--- The data ---
◇ ◇ ◇ ◇ ◇
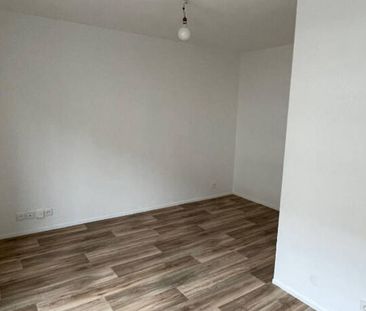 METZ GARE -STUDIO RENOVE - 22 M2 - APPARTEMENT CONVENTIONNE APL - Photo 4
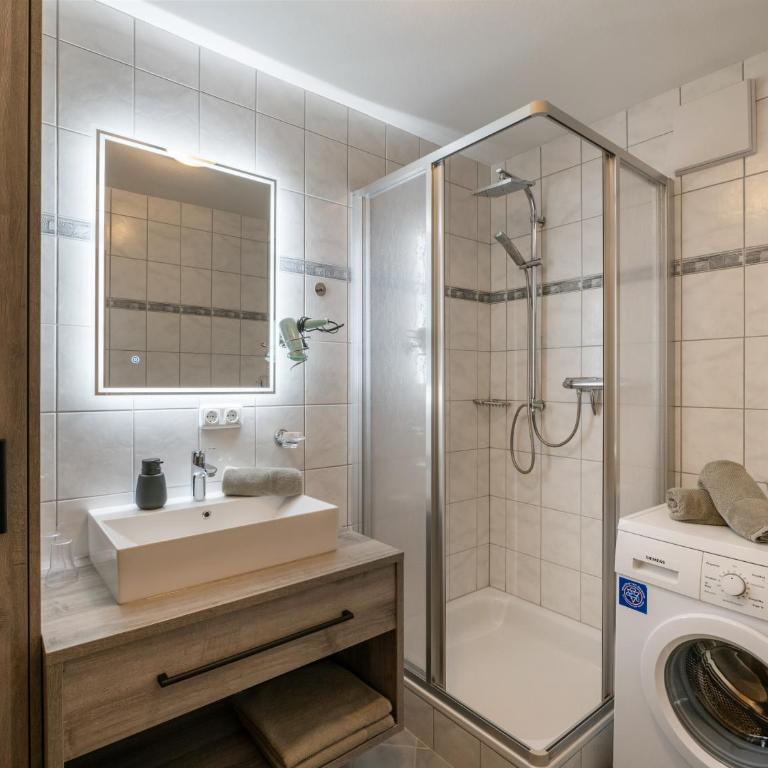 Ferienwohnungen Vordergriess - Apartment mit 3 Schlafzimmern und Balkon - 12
◇ ◇ ◇ ◇ ◇
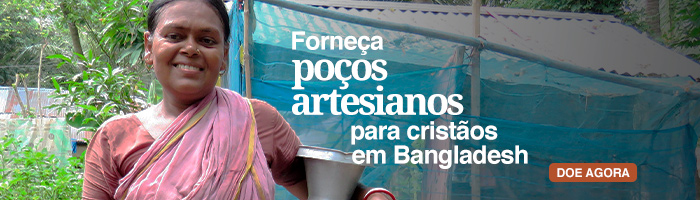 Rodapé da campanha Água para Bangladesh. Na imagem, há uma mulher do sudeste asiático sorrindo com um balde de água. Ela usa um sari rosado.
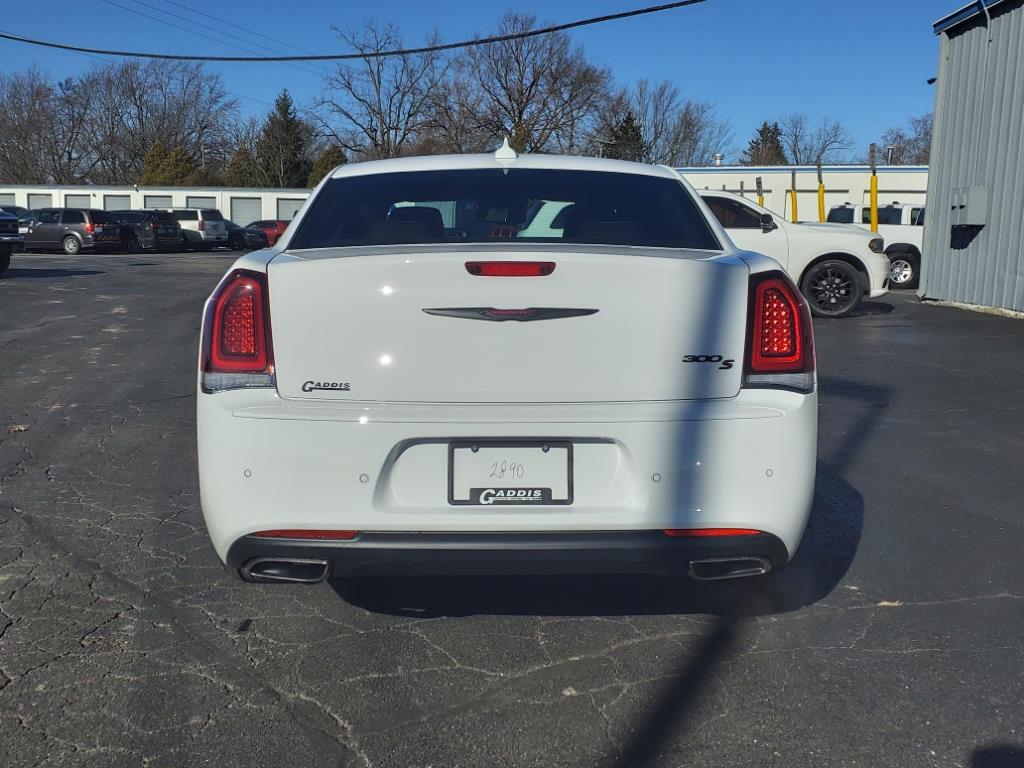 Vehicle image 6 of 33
◇ ◇ ◇ ◇ ◇
For this exercise, reproduce exactly the lines of the records above from the one with "METZ GARE -STUDIO" up to and including the one with "Ferienwohnungen Vordergriess - Apartment", without pictures.

 METZ GARE -STUDIO RENOVE - 22 M2 - APPARTEMENT CONVENTIONNE APL - Photo 4
 Ferienwohnungen Vordergriess - Apartment mit 3 Schlafzimmern und Balkon - 12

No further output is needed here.